A plane is a 3-dimensional BSP (binary space partition) - a definition of a plane is "a binary partition of 3d space". It partitions a 3d space using an equation with 3 unknowns. Put in the 3 coordinate values of a point to this equation, and it will result in a scalar value, or the distance of the point from the plane. If the value is positive, the point is in front, if negative, it is in back. A 3-dimensional BSP tree is a therefore a binary tree of planes. Each plane can have a front child and a back child. Each plane can be called a node of the tree. If a node (plane) has no child nodes (planes) then it is a leaf node (plane).

If you say that the first partition plane, the root node, is in a finite volume, the tree of planes also describes a tree of finite volumes. Each plane partitions its parent volume into two child volumes. The polyhedron defining each volume is formed by the intersection of all the planes above it in the tree, plus the planes defining the original finite volume. Each node in a tree is a sub-tree. That is, the node and its child nodes and their children and so on, down to the leaves, is also a tree. For the 3d BSP tree, each node (plane) might have a child node (plane) that partitions its front volume and one that partitions its back volume. This means that each sub-tree of the BSP tree stands alone, and each node only influences the volume on one side of its parent.

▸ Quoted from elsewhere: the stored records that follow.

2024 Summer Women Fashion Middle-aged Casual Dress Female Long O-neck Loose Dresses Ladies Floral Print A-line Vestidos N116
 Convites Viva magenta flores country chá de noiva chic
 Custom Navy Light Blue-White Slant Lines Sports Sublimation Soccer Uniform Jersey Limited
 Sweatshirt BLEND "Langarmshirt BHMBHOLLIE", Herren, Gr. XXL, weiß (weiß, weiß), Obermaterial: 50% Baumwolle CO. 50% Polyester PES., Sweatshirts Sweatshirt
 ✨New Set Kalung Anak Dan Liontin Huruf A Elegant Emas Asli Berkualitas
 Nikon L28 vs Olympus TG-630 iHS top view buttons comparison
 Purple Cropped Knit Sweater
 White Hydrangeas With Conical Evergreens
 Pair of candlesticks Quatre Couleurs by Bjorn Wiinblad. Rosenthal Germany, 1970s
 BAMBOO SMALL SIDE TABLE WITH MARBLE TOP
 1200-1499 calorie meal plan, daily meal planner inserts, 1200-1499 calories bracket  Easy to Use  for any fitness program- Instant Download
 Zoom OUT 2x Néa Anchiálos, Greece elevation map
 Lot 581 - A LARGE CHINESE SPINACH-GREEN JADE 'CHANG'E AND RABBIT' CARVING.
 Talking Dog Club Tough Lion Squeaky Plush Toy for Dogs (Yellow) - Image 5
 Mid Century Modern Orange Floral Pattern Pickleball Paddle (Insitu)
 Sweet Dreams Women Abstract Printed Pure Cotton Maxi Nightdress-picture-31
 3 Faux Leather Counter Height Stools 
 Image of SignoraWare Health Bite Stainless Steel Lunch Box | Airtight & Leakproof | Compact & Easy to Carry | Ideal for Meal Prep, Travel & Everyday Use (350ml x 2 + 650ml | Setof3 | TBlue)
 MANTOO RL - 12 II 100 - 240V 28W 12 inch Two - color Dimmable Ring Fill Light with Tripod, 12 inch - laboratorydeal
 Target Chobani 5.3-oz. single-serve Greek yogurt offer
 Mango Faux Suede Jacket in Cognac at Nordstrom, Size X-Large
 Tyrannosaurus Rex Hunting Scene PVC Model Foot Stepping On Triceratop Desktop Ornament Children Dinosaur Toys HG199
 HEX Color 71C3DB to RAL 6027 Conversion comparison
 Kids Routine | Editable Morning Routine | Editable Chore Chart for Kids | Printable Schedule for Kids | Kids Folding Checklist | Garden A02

ASCII 2-Dimensional examples...

1. The initial finite volume to be partitioned contains 3 faces.
2. The first partition plane (P1) (chosen for a face that balances the tree) affects only the initial finite volume.
3. The front-volume of P1 contains a face, so it needs to be partitioned. The front partition plane (P2) only partitions the volume in front of P1.
4. The front and back volumes of P2 do not contain any faces, so they do not need to be partitioned. They both have no child nodes and so they are leaf-volumes belonging to leaf-node P2. The back volume of P1 contains a face, so a third partition plane (P3) is needed. P3 only partitions the finite volume on the back of its parent. P3 is also a leaf node.

Example 1: ___________ ___________ 1)| | 2)| | | | | | | | | | _ | | | _ | | | | | | | _ | | _ | | |___________| |_____|_____| P1 ___________ ___________ 3)| | | 4)| | | | | | | | | | |_____|P2 | |_____|P2 | | | | | | | _ | | P3|_____| | |_____|_____| |_____|_____| P1 P1 The BSP tree looks like: initial volume || f-P1-b / \ f-P2-b f-P3-b So it has two leaf nodes (P2, P3) and four leaf volumes. (P2-f, P2-b, P3-f, P3-b) If you choose the faces to partition in a different order, the tree will look different. for example, P3, then P2, then P1. Example 2: ____P1_____ | | | | | | |_____|_____|P2 | | P3|___________| |___________| The BSP tree looks like: initial volume || f-P3-b / f-P2-b / f-P1-b This one has one leaf node (P1) and four leaf-volumes (P3-b, P2-b, P1-f, P1-b). This tree is less efficient than the first, because it has a greater average distance from the root node to a leaf.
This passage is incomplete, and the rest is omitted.